The mechanism by which atrial fibrosis leads to the production and maintenance of atrial fibrillation (AF) is unclear. Myocardial biopsies, which have often been used in previous studies, are taken from a single site and do not always reflect the overall condition of atrial fibrosis.

The aim of this study was to investigate the location of fibrosis in the atria induced by mitral regurgitation (MR) and its effect on atrial electrophysiology and vulnerability to AF.

Nineteen pigs were divided into three groups. The control group (n=6) underwent a sham operation, and the experimental groups underwent an MR induction operation and were observed for 3 (n=7) or 6 (n=6) months. All the animals were tested for vulnerability to AF. Then, the atria were divided into 12 regions: 6 in the left atrium (LA) and 6 in the right atrium (RA). The conduction velocities (CVs) and effective refractory periods (ERPs) in different regions were examined by electroanatomic mapping, and fibrosis in different regions was examined by Masson staining.

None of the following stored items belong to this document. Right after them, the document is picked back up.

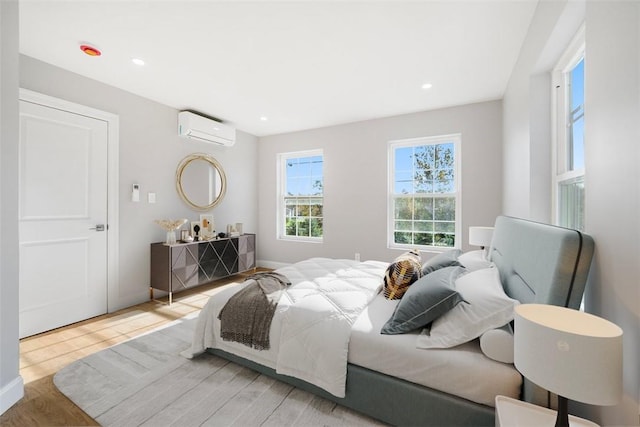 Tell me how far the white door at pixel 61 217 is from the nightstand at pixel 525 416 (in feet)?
12.2

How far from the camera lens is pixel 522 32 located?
2.19 metres

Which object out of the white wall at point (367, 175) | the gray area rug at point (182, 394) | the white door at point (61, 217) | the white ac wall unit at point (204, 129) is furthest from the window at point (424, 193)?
the white door at point (61, 217)

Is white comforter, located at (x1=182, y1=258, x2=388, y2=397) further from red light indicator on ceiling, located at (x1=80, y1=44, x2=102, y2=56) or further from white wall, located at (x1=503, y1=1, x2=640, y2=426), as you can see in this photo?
red light indicator on ceiling, located at (x1=80, y1=44, x2=102, y2=56)

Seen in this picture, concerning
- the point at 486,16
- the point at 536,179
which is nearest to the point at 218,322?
the point at 536,179

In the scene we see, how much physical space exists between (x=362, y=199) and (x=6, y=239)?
3794mm

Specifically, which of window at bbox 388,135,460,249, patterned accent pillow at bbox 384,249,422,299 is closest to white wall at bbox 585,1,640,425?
patterned accent pillow at bbox 384,249,422,299

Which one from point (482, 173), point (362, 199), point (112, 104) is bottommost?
point (362, 199)

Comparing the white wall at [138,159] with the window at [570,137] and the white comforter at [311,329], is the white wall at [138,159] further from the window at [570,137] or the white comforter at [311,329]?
the window at [570,137]

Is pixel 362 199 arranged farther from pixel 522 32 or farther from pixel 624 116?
pixel 624 116

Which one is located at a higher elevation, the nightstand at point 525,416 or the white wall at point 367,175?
the white wall at point 367,175

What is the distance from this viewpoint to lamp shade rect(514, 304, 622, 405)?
2.34ft

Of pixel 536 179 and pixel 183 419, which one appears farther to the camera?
pixel 536 179

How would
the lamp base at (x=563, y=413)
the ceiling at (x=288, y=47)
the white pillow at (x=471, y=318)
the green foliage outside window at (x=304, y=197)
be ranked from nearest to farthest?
the lamp base at (x=563, y=413)
the white pillow at (x=471, y=318)
the ceiling at (x=288, y=47)
the green foliage outside window at (x=304, y=197)

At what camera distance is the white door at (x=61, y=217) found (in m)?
2.55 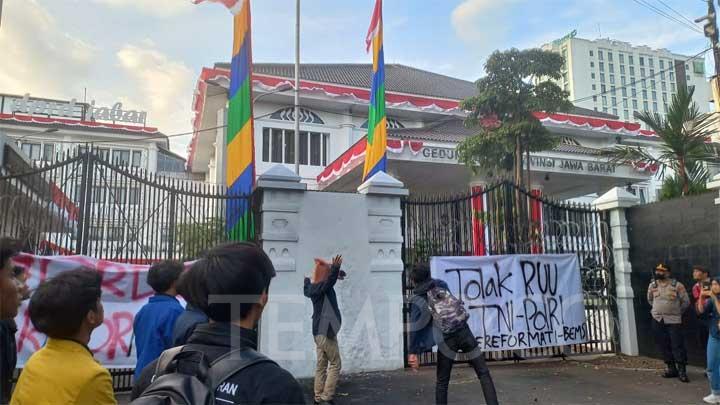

With the duration of MR, fibrosis (3.11% ± 0.08% in the control group, 5.85% ± 0.42% in the 3-month group and 8.17% ± 0.23% in the 6-month group, P<.001), vulnerability to AF (0/6 in the control group, 2/7 in the 3-month group and 5/6 in the 6-month group, P<.05) and the effective refractory period (220.1±1.1 ms in the control group, 244.4±1.4 ms in the 3-month group and 289.0±8.9 ms in the 6-month group, P<.001) were increased, while the conduction velocity (1.39±0.16 m/s in the control group, 1.04±0.05 m/s in the 3-month group and 0.89±0.02 m/s in the 6-month group, P<.001) was reduced. These pathophysiological changes were not uniform in different regions of the atria (3.83% ± 0.25% in right atrial fibrosis vs 8.22% ± 0.83% in left atrial fibrosis, P<.001; 5.09% ± 0.34% in the right atrium vs 11.76% ± 0.52% in the left atrium, P<.001). A negative correlation was identified between fibrosis and conduction velocity (P<.001 in the 3-month and 6-month groups), but no correlation was found between fibrosis and the effective refractory period (P=.829 in the 3-month group and P=.093 in the 6-month group). Susceptibility to AF was associated with the dispersion of atrial fibrosis (P=.023).

With the duration of MR, atrial fibrosis increased, and the degree of increase was not uniform among different areas of the atria. The dispersion of atrial fibrosis may contribute to increased susceptibility to AF by influencing the conduction velocity rather than the effective refractory period.